The multiple exposure colour photogram process reproduces mundane objects in an abstract colour that is further disguised by the resulting ghost-like negative representation typical of photograms.
Godman uses the technique to explore issues of the consumer society and the eventual discarding of objects as detritus. In the images, visual reference to found objects lie visually entwined, obscured, and even fused as a new unidentified relic. He compares our obsession with technology to a religious fanaticism, that drives our desire for the new and yet also the disposal of the old. A form of visual form of archeology is required to decipher the content of the images, sifting over the remains of a catastrophic event, where remnants of objects are all that remain.

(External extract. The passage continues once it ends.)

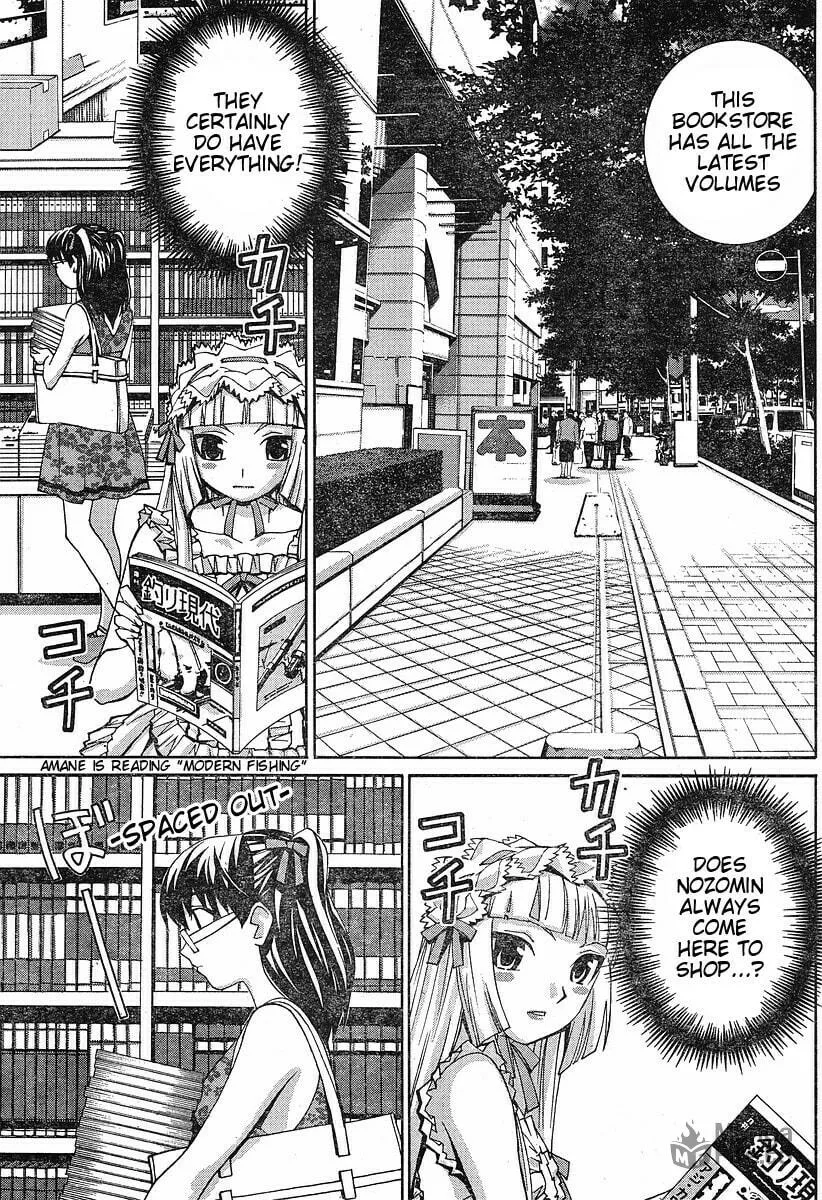 Fudanshism: Fudanshi Shugi Chapter 6 page 9 -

Within the body of colour photogram works are several sub-series. Single prints, long strips, human figures, and the key work, Evidence from the Religion of Technology, which is a large and, ambitious. This piece includes three full figures, arms outstretched (a female figure, a male figure, and a human skeleton) with a series of associated prints arranged in a linear form, the work spreads for 22 meters across the gallery wall.
The ebook offers an intriguing context, with an insight from the initial experiments with photograms of Fox Talbot in the late 1820s, through the simultaneous rediscovery and adaption by Man Ray and the surrealists in France, and Maholy Nagy and the Bauhaus in Germany a century later. It also includes contemporary works by Alex Syndikas and Harry Nankin and other photogram artists.